Perdoem-me a heresia aparentemente belicista (não o sendo de facto), mas talvez por “desvio” profissional resolvi utilizar esta coluna para partilhar algumas reflexões e dúvidas (eventualmente mais dúvidas que reflexões) sobre a geopolítica e os equilíbrios geoestratégicos subsequentes a possíveis desfechos de uma 2ª Guerra do Golfo. Fugindo um pouco à actualidade, tentarei evitar as polémicas (sempre importantes, claro) sobre legitimidade ou ausência dela, intenções ou provas, direito internacional ou real politik, democracia ou petróleo, Organização das Nações Unidas ou George Bush, Blair ou Shroeder, eixos (franco-alemão) que “unem” ou cartas (de vários Chefes de Estado e de Governo europeus) acusadas de dividir (o que nunca esteve unido, aliás – a não ser que a opção fosse, como o é frequentemente, pela obtenção de um consenso via ambiguidade), etc.. Assim, começando hoje longe da Europa (da “nova” e da “velha”), situo-me para já na Ásia e no Médio Oriente.
Uma das subtis evoluções poderá ocorrer bem longe daqui, na Ásia de Leste. Aí, a posição do Japão face a um possível ataque liderado pelos EUA poderá acelerar a re-orientação do foco estratégico dos norte-americanos nesta zona do mundo, com a assunção pela renovada China, lentamente convertida ao capitalismo, de um papel de maior convergência com os interesses dos EUA na região (em detrimento do Japão que, por exemplo, também não se envolveu na coligação que acompanhou os EUA aquando da Guerra do Golfo “original”).
No Médio Oriente, por outro lado, será interessante observar o posicionamento da dinastia hachemita no poder na Jordânia. De facto, se na 1ª Guerra do Golfo se manteve afastada (até porque o objectivo dos EUA não era derrubar o regime de Saddam Hussein, pelo que um apoio jordano à resposta aliada significaria a criação de uma difícil inimizade com Bagdade), parece provável um maior envolvimento da Jordânia, ao lado dos norte-americanos, numa eventual 2ª Guerra do Golfo (participando no fornecimento de energia e, através de forças especiais, apoiando no terreno as acções militares dos EUA).

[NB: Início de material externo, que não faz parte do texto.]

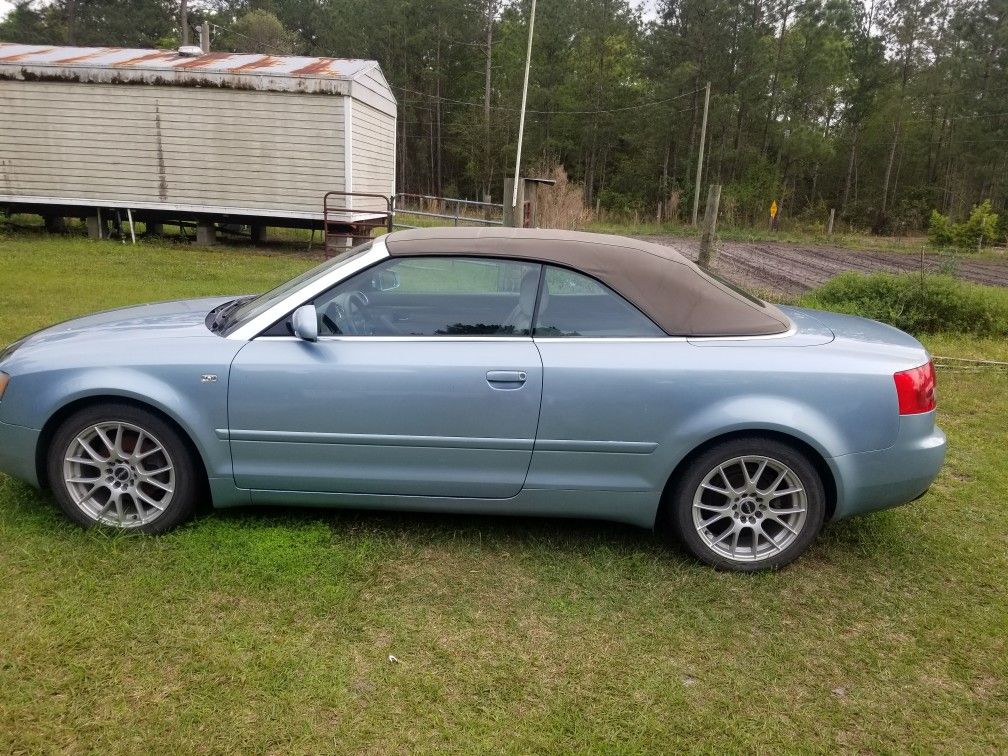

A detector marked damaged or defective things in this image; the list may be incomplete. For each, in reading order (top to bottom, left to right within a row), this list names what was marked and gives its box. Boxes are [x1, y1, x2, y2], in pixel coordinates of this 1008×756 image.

rusty metal roof [0, 43, 389, 97] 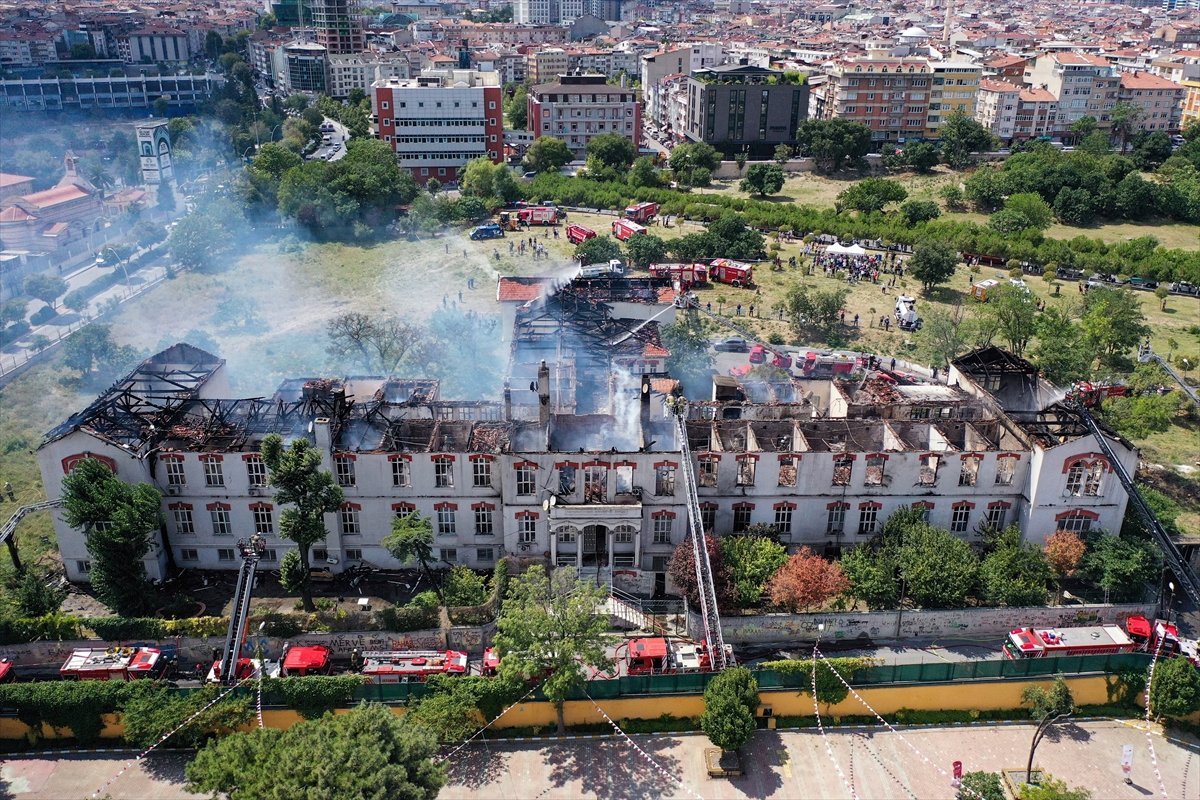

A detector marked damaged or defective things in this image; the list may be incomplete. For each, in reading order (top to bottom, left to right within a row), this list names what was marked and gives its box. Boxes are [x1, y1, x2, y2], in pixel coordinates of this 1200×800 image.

burned building [42, 293, 1137, 594]
burned out window [580, 465, 604, 503]
burned out window [657, 462, 676, 494]
burned out window [734, 455, 753, 489]
burned out window [777, 455, 796, 489]
burned out window [835, 453, 854, 484]
burned out window [868, 455, 888, 489]
burned out window [916, 453, 936, 484]
burned out window [960, 455, 979, 489] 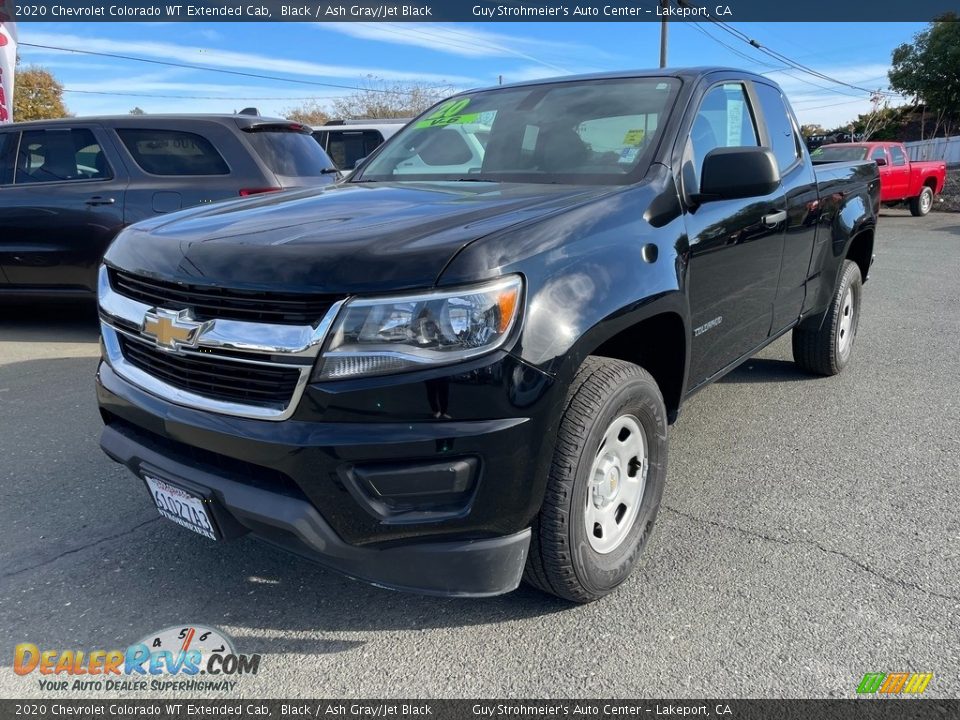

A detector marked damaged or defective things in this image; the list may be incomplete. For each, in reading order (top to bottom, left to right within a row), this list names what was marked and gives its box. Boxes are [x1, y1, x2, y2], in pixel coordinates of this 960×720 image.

pavement crack [2, 516, 160, 580]
pavement crack [660, 506, 960, 600] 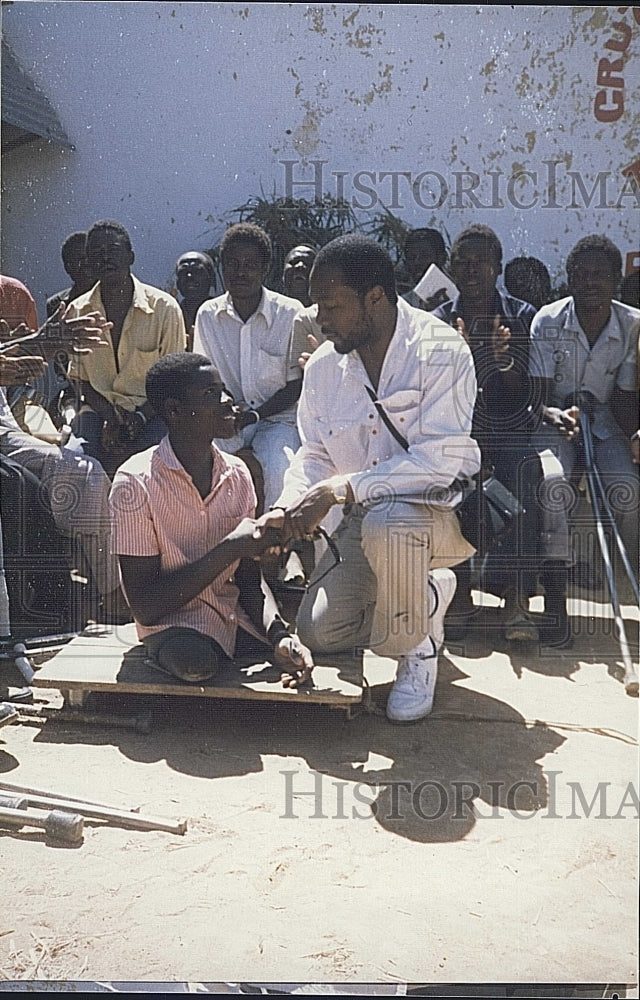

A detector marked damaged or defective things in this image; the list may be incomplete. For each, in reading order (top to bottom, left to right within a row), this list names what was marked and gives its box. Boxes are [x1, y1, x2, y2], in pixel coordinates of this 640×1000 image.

peeling paint wall [1, 2, 640, 308] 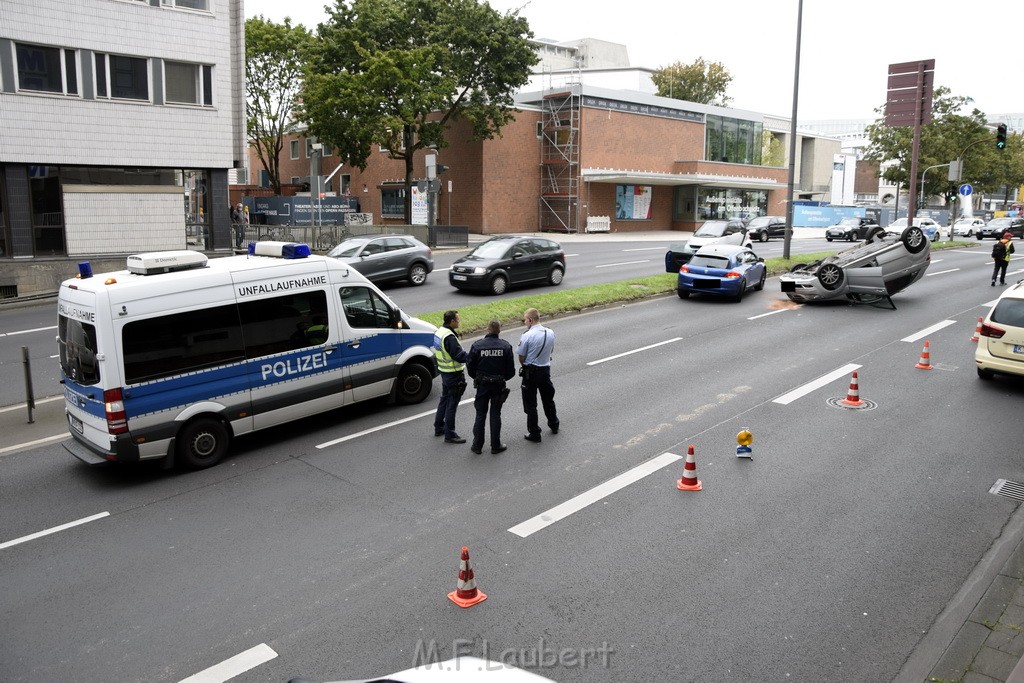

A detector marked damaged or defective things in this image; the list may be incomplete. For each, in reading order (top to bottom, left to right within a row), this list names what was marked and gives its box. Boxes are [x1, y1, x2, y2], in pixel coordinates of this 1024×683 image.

overturned silver car [780, 227, 932, 304]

De facto, hoje, a situação é bem diferente daquela que se viveu há pouco mais de uma década. O prémio passou a ser nada mais nada menos que a “cabeça de Saddam”, pelo que a diplomacia jordana terá tendência a, desde já, preparar o caminho para uma “boa solução” (na óptica da Jordânia) relativamente ao futuro do Iraque. Essa “boa solução” poder‑se‑á mesmo transformar em “óptima” se, como alguns advogam, o modelo do pós-guerra tomar a Jordânia (crescentemente próxima dos EUA - e mesmo de Israel) como exemplo, ou mesmo como elemento central da resolução do “problema”. Essa possível (embora altamente complexa) “resolução” passaria eventualmente, nesta óptica, pelo restabelecimento de uma monarquia (hachemita) no Iraque, podendo a actual Jordânia “ceder espaço” para a criação do Estado palestiniano (aliviando a tensão com Israel). Voltarei, num próximo artigo, a este exercício especulativo sobre possíveis reequilíbrios geoestratégicos desta guerra eventual (que já vai bem longa...).